- _EXERCISE PROMPT_
Some lines in the listing below may include the string "Kitchen". How many are there? Give only the number.

- _DATA SUPPLIED_
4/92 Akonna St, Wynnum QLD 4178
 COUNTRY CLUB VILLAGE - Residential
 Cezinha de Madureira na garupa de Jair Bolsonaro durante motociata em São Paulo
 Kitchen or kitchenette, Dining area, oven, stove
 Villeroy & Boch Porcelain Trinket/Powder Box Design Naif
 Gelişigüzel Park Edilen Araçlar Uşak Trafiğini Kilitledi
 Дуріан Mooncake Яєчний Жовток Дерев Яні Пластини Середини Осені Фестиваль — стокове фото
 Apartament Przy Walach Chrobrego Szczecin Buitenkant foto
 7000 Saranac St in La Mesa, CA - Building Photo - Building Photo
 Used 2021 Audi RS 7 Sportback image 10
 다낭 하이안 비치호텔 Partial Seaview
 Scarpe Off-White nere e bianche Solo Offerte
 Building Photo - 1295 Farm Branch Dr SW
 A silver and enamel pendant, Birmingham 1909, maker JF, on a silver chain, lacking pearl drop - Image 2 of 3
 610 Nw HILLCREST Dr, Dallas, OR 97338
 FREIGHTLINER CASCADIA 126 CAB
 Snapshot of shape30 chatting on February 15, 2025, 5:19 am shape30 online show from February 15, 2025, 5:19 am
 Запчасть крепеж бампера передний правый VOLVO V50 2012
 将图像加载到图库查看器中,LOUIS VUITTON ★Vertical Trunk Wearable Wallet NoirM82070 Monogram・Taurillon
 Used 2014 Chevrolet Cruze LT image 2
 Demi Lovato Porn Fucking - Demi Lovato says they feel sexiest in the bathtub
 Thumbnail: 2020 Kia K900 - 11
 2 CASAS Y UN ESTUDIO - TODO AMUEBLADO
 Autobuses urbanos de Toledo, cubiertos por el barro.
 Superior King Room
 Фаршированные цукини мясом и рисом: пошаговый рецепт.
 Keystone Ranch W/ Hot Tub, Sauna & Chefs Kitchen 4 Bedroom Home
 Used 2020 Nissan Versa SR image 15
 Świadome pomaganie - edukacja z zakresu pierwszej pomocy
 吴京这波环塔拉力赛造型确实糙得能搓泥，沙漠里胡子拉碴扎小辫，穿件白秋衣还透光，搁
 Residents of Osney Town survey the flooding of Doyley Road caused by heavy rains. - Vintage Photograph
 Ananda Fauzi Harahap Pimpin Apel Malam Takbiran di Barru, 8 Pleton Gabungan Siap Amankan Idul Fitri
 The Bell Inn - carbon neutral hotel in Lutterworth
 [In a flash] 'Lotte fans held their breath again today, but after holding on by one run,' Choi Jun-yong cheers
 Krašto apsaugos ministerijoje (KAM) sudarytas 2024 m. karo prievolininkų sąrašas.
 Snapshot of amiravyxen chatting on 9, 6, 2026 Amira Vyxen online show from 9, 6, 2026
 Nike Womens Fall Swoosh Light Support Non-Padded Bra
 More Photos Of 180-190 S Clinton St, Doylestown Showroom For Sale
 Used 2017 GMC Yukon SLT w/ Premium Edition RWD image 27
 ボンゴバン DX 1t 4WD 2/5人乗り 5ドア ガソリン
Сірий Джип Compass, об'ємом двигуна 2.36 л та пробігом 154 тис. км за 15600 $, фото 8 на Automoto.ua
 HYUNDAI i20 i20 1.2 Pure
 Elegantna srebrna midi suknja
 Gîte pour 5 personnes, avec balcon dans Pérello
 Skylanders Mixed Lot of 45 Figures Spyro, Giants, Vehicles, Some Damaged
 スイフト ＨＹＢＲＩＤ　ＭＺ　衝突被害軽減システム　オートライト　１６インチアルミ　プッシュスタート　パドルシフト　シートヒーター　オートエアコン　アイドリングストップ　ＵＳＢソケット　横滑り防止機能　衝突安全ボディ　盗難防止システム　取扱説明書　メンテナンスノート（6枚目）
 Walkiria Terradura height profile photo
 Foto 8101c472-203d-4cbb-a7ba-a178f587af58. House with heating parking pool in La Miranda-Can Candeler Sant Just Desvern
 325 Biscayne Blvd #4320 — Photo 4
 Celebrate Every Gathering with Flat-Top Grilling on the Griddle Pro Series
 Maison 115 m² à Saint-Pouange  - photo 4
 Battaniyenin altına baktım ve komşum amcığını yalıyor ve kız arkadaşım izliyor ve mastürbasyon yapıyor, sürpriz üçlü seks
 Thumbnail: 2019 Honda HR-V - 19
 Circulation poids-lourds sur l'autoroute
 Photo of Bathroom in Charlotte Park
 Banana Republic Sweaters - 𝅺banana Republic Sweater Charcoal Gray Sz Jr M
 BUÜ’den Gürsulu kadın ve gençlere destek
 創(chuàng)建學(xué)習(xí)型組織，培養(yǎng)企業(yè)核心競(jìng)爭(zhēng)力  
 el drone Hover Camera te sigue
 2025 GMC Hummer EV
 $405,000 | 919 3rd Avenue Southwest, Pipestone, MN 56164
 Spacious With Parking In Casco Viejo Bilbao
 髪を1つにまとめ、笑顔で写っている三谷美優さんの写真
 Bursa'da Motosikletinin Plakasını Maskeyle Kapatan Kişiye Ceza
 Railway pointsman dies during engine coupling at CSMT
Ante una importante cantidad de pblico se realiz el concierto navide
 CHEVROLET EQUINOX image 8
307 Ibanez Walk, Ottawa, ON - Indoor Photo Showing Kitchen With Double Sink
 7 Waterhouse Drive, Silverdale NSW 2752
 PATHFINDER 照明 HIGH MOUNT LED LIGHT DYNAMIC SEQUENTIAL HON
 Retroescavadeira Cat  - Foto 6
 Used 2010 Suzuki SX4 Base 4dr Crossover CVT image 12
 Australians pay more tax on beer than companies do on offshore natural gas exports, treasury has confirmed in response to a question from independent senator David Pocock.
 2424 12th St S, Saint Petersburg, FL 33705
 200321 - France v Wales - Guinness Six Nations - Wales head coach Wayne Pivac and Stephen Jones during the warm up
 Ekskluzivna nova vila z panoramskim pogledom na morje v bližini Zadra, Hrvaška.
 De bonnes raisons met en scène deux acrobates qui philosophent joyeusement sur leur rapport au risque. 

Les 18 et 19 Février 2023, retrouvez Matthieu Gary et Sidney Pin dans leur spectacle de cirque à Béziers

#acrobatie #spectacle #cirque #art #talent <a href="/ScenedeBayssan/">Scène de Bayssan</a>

- _SOLUTION_
3